HOW TO COMPLETE THIS TASK:
Quote the entries below from the line with "- ให้เช่า Home" through the line with "Building Photo - 17321 Amber Dr", both ends included, and only those lines.

Data excerpts:
*****
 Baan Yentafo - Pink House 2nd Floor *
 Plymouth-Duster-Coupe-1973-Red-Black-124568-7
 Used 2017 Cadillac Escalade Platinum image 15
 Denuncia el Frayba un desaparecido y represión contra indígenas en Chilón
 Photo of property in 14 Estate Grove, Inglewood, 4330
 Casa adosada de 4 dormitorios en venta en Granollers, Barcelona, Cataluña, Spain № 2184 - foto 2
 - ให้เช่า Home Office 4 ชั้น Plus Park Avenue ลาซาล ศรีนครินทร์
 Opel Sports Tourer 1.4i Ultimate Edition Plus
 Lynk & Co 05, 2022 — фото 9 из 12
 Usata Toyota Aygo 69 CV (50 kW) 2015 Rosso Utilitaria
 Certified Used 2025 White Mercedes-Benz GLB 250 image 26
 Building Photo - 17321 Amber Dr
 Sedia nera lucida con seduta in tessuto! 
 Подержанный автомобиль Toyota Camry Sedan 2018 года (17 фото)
*****
WRITTEN RESPONSE:
 - ให้เช่า Home Office 4 ชั้น Plus Park Avenue ลาซาล ศรีนครินทร์
 Opel Sports Tourer 1.4i Ultimate Edition Plus
 Lynk & Co 05, 2022 — фото 9 из 12
 Usata Toyota Aygo 69 CV (50 kW) 2015 Rosso Utilitaria
 Certified Used 2025 White Mercedes-Benz GLB 250 image 26
 Building Photo - 17321 Amber Dr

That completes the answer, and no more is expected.